Yukarıda açıklanan nedenlerle ve dosya kapsamı, mevcut delil durumu ve ileri sürülen istinaf sebepleri dikkate alındığında mahkemenin vakıa ve hukuki değerlendirmesinde usul ve esas yönünden yasaya aykırılık bulunmadığı anlaşılmakla, davalı …Şirketi vekilinin, ilk derece mahkemesinin istinaf başvurusunun süre yönünden reddine ilişkin 06.04.2023 tarihli ek kararına yönelik istinaf itirazlarının reddine dair hüküm kurmak gerekmiştir.

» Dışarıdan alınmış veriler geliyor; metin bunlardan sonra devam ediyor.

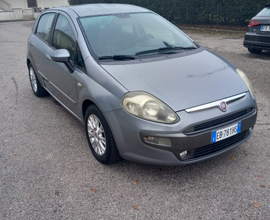 Fiat grande punto evo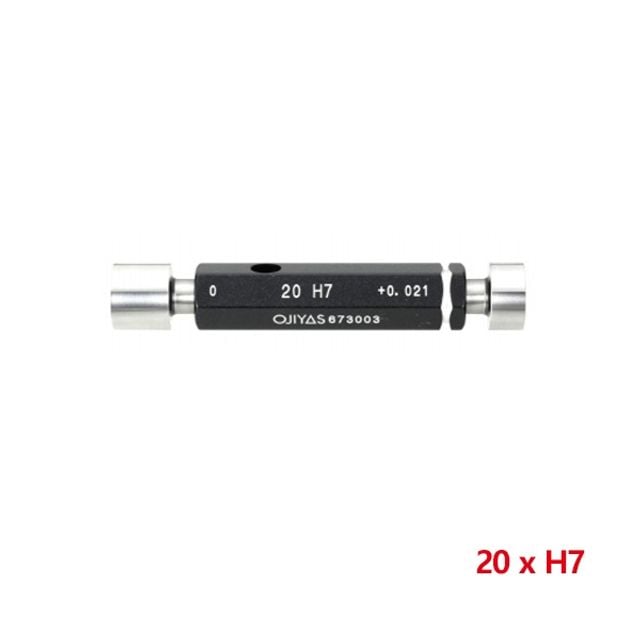 오지야스 한계게이지 원통형 P-20H7 20.0mm - 메인 이미지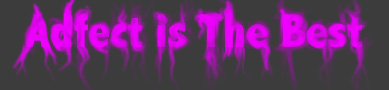 Ghostly Text Tutorial: Final Result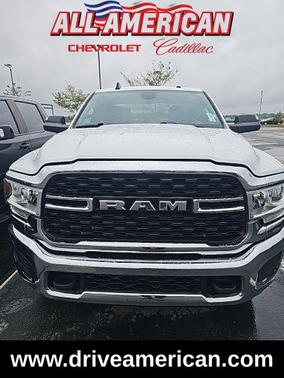 2022 RAM 2500 Big Horn Crew Cab 4x4 6'4' Box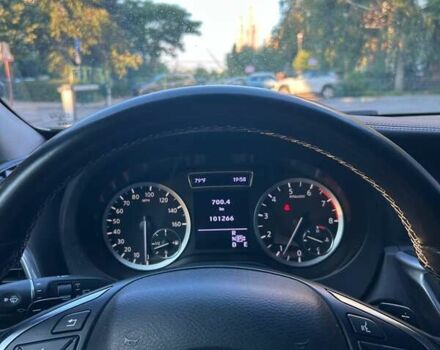 Черный Инфинити QX30, объемом двигателя 1.99 л и пробегом 101 тыс. км за 17299 $, фото 14 на Automoto.ua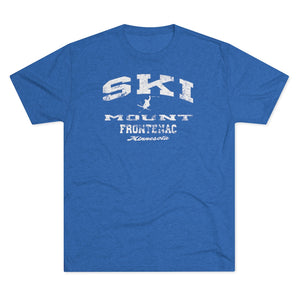 Men's Mount Frontenac Standard Tri-Blend Crew Tee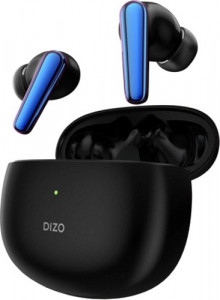 TWS- Realme DIZO Buds Z black 3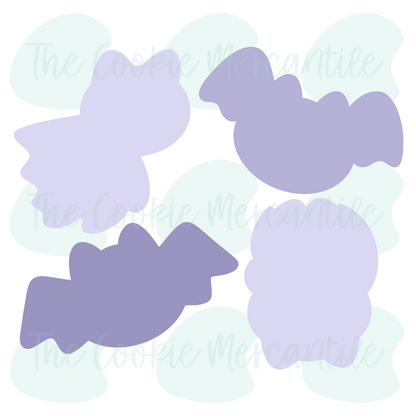 Batty Set - Cookie Cutters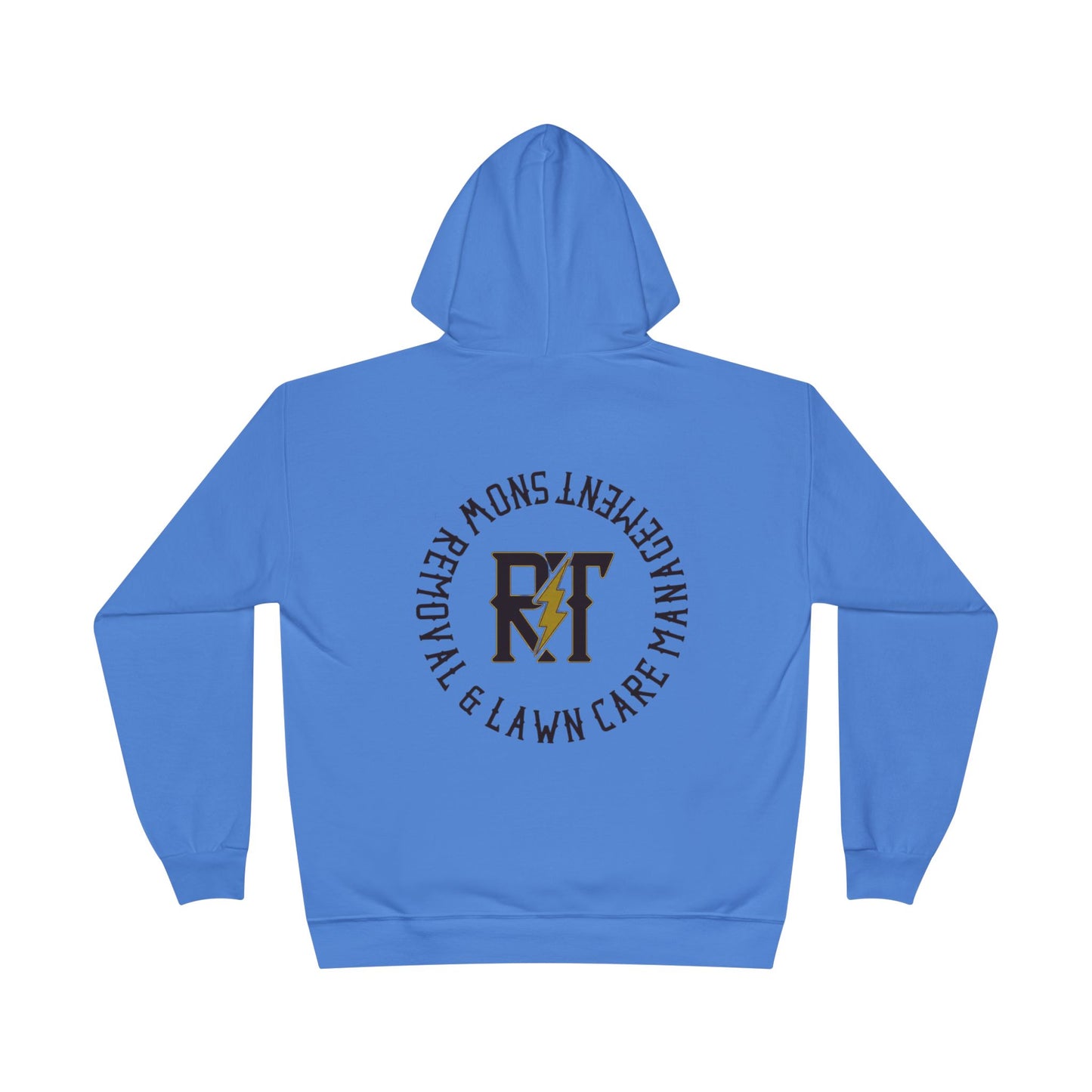 LA-RT Yard Management LLC -Eco-Friendly Hoodie, Unisex Pullover, Sustainable Fashion, Spring Event Merch, EcoSmart Sweatshirt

HÜKÜM : Gerekçesi yukarıda belirtildiği üzere;

1-Davalı …Şirketi vekilinin, ilk derece mahkemesinin istinaf başvurusunun süre yönünden reddine ilişkin 06.04.2023 tarihli ek kararına yönelik istinaf başvurusunun HMK’nın 353/1-b.1 maddesi gereğince ESASTAN REDDİNE,

2-Harçlar Kanunu uyarınca alınması gereken 179,90-TL maktu istinaf karar ve ilam harcı, davalı …Şirketi tarafından istinaf başvurusunda peşin olarak yatırıldığından yeniden harç alınmasına yer olmadığına,

3-İstinaf aşamasında davalı …Şirketi tarafından yapılan yargılama giderlerinin anılan tarafın uhdesinde bırakılmasına,

4-İstinaf aşamasında duruşma açılmadığından taraflar lehine vekalet ücreti takdirine yer olmadığına,

Dair, dosya üzerinde yapılan inceleme sonucunda oybirliği ile 18/05/2023 tarihinde HMK 361. maddesi uyarınca kararın tebliğinden itibaren iki hafta içerisinde TEMYİZ yolu açık olmak üzere karar verildi.

GEREKÇELİ KARARIN YAZILDIĞI TARİH : 18/05/2023

Başkan

Üye

Üye

Katip

Bu belge 5070 sayılı Yasa hükümlerine göre elektronik olarak imzalanmıştır.